McCann’s expatriation began with financial difficulties in Australia, where he said the price of rent is “profoundly bad” and “worse than anything in America.” McCann started to think a change was in order after battling against rent, having multiple children to feed, awaiting a big break in his career and stopping smoking because of high cigarette prices.
As the “panic and doom” of his financial situation loomed, McCann spoke with his wife, and the two prayed about what to do.
At the time, McCann and his wife both consumed content from New Polity, a Steubenville-based Christian magazine and podcast publisher.
Around 2022, McCann was planning a brief trip to the U.S. Knowing he’d be in the states, McCann reached out to Marc Barnes, editor of New Polity Magazine, and expressed interest in coming to see Steubenville. McCann said Barnes was accommodating, showing him all of the “incredible” revitalization projects in the city.
“There’s something really exciting happening there,” McCann recalled thinking.
After the visit, McCann and his wife decided coming to Steubenville was the right move for his children’s “spiritual development.” Now here on a visa, McCann said the transfer process has been a “convoluted” matter, but it’s been well worth the effort.
“This is a glorious, shining land of opportunity,” McCann said of the U.S.
Although locals may take it for granted, McCann said he loves the many unique qualities of Steubenville and the Ohio Valley, from the murals and historic architecture to the Fort Steuben Mall potholes.
“I love the enormous skeleton statue (displayed on North Fourth Street),” McCann said. “It was dressed for Valentine’s Day. I wonder what it’ll be dressed for next.”
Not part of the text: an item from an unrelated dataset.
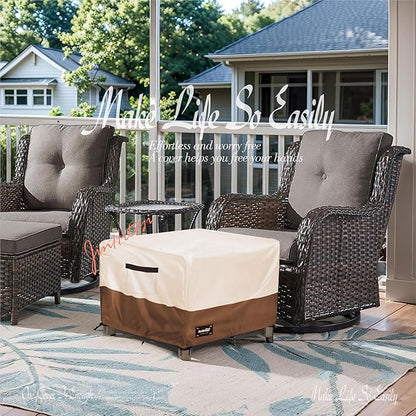 Square Patio Table Cover 40 Inch,100% Waterproof 600D Heavy Duty Outdoor Table Cover,Square Patio Dining Table Covers for Outdoor Furniture,40"Wx 40"D x 23"H,Beige&Brown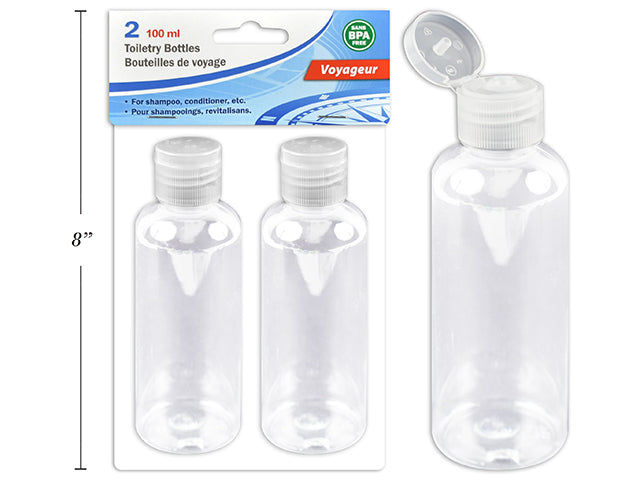 Carton of 24 Toiletry Flip Top Bottle 2 Pack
McCann added, “I was introduced here by the smartest, most interesting and good people that I’ve ever met. I’m thrilled by the things they’re doing. Steubenville is spoken of like Mecca by people — even folks in Australia … are trying to get there. And, of course, not everyone should move there, but the young Catholic community is inspired by the things happening there to make their own towns better.”
Since moving, McCann said, he’s found a “warm and welcoming community” where “suburban atomization is really being fought against” through intentional, family-centered community. McCann himself has three children, all of them under 4 years old and each having been born in Australia.
The next steps are a work in progress for McCann, regarding his comedy career. In addition to a previous comedy material test run at Chesterton and Co. Cigars on Feb. 5, which drew attendees from as far as Columbus, McCann has other U.S. gigs lined up. Since the move, he’s performed in Pittsburgh, Cleveland, Austin and Nashville. He was in New York City for a gig and a brief family vacation and had a similar trip lined up for Orlando.
As per his visa, McCann is focusing solely on comedy work to support his family and, hopefully, purchase a boat by any means necessary.
“That’s the stability that (I) will thrive in: Putting my family on the sea,” McCann said.
Fringe is still in McCann’s heart, and he hopes to return one day, once the chaos of his life has settled down, he said. For now, he’s content with how “receptive, open and warm” American audiences are.
“I love America, I’m sticking very closely to my visa and God bless you,” McCann said, signing off from New York City.